Il pane con farina di frumento……… senza glutine Giuliani

Giovedì 11 giugno presso Casa degli Atellani –  Vigna di Leonardo,  la meravigliosa location posta in c.so Magenta 65 a Milano, proprio difronte alla Basilica di Santa Maria delle Grazie,  ha avuto luogo il primo degli aperitivi culturali organizzati da Confagricoltura Lombardia, in occasione di Expo, dal titolo “6 personaggi in cerca d’autore”.

Con queste serate Confagricoltura Lombardia vuole rendere omaggio al made in Italy e ai prodotti della terra , creando uno stretto connubio tra agricoltura e arte  e sarà presente ad  Homi, il salone degli stili di vita che si terrà a Fiera Milano dal 12 al 15 settembre 2015.

In questa prima serata protagonista è stato il pane, elemento principale sulla nostra tavola.

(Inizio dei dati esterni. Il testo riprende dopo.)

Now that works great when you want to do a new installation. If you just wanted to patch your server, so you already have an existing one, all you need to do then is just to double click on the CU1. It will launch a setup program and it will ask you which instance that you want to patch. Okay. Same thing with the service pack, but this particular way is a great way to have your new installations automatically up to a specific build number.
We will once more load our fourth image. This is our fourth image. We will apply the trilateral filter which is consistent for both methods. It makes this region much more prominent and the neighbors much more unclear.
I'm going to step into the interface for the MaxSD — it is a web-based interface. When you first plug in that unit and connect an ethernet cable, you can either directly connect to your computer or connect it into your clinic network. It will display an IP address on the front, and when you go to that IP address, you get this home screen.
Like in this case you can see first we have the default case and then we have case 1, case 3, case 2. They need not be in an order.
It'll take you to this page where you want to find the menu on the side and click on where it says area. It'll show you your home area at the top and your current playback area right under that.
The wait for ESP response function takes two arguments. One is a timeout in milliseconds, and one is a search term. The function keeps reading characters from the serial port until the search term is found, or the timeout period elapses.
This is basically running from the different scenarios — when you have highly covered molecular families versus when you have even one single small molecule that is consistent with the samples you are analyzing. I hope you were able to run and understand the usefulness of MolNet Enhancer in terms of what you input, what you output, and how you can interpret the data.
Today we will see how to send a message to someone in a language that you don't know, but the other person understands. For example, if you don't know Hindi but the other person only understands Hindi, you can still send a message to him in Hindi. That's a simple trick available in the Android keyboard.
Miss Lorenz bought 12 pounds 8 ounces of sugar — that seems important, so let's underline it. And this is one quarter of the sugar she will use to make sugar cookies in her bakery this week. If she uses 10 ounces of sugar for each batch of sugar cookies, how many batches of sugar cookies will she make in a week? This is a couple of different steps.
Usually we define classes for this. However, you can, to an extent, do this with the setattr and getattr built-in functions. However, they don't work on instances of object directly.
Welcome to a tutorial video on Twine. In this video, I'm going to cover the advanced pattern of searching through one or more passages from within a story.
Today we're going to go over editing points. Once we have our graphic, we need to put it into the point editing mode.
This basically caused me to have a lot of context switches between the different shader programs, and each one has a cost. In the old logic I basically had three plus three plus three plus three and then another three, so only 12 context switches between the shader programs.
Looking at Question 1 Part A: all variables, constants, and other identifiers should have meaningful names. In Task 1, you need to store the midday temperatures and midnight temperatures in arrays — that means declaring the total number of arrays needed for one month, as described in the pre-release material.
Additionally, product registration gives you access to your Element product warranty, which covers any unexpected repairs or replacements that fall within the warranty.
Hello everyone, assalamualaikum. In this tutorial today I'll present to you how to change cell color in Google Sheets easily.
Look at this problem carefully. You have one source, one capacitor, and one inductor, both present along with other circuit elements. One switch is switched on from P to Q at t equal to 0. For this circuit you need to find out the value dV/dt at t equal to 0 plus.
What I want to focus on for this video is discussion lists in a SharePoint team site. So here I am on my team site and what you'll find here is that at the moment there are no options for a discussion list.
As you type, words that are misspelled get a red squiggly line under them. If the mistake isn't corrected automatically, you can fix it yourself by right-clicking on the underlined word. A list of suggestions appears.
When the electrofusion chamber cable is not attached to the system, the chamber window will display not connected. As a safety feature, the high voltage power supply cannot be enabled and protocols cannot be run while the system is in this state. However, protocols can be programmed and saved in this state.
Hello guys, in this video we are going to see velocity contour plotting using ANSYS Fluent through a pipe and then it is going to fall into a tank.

Non si è trattato di un pane comune, però, ma di una autentica novità:  un particolare tipo di pane studiato appositamente per i celiaci e prodotto da  Bontà di pane Giusto Giuliani.

Un pane garantito senza glutine con la particolarità di essere stato prodotto con farina di frumento; questo è stato possibile perché sono andati pari passo  sia il gusto della tradizione che le ricerche condotte dalla Sezione di Microbiologia degli Alimenti dell’Università degli Studi di Bari Aldo Moro.

“Bontà di Pane”  è preparato con una speciale farina di frumento che viene sottoposta a un rivoluzionario processo di deglutinazione brevettato dall’azienda Giuliani e che gli ha fatto vincere un premio il Premio Cosmofarma “Innovazione e Ricerca” nella categoria alimentazione.

“Bontà di Pane”  che fa parte della linea Giusto Senza Glutine Sapori Tradizionali  è soffice, ha la caratteristica crosta dorata,  il  profumo di pane ed ha  le caratteristiche nutrizionali e sensoriali proprie del frumento.  E’, inoltre,  privo lattosio, senza grassi idrogenati, senza conservanti e preparato con olio di oliva.

A far da padroni della seratal pane e gli ortaggi, elementi principe sulla tavola degli italiani, con la firma alla regia gastronomica dello chef stellato Fabio Barbaglini.

La serata, presentata da Susanna Messaggio, oltre al cibo e al buon vino, la serata ha ospitato anche performance artistiche e momenti culturali, frutto dell’organizzazione creativa del direttore artistico Alessandro Agrati.

Ad esporre le proprie opere l’artista pop art Ludmilla Radchenko,  a commento delle opere e ospite della serata il professor Stefano Zecchi, filosofo, scrittore, giornalista e critico d’arte di consolidata fama.